I originally used some inexpensive 18-4 shielded cable off ebay but the outer sheathing didn't stand up to the flood coolant so I switched to a more appropriate cable.

For panel connectors I am using 16mm aviation plugs like these. http://www.ebay.com/itm/5pcs-Aviati...528592?hash=item281c2eea90:g:k5oAAOSwyDxXhSXO

I used the BK/BF bearing blocks. They need a little TLC out of the box to make sure the bearing cap retaining screws are long enough and the A/C bearing are usually installed wrong. My build thread has info on how to get them setup properly and adjust the bearing pre-load.

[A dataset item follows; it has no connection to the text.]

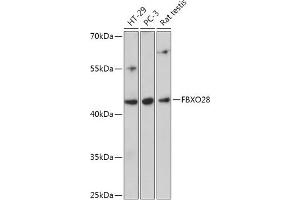 Western blot analysis of extracts of various cell lines, using FBXO28 antibody (ABIN7267088) at 1:1000 dilution. (FBXO28 anticorps  (AA 91-312))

Where are you putting the gas spring?

Since you had a CNC router I'm assuming you have home/limit switched figured in?


----------



## techbuilder (Dec 5, 2016)

jbolt said:


> This is the cable I use. https://www.mcmaster.com/#8082k83/=15c7cjv
> 
> I originally used some inexpensive 18-4 shielded cable off ebay but the outer sheathing didn't stand up to the flood coolant so I switched to a more appropriate cable.
> 
> ...


Sweet thank you so much! I'm going to order them today.



jbolt said:


> Where are you putting the gas spring?



I'll be attaching them to the head similar to this method used
http://www.hobby-machinist.com/threads/motor-for-pm-45-hand-crank.10056/



jbolt said:


> Since you had a CNC router I'm assuming you have home/limit switched figured in?


Yes


----------



## jbolt (Dec 5, 2016)

Just for clarification,  I used (1) BK15 & (1) BF15 on the X-axis (both ends supported). (1) BK15 on the Y-axis (far end not supported). (1) FK15 on the Z-axis. The lower end of the z-axis ball screw was machined for a 15mm ID bearing and the bottom of the screw is supported by a 15MM ID thrust bearing. I was not comfortable hanging the head by the end of the ball screw. 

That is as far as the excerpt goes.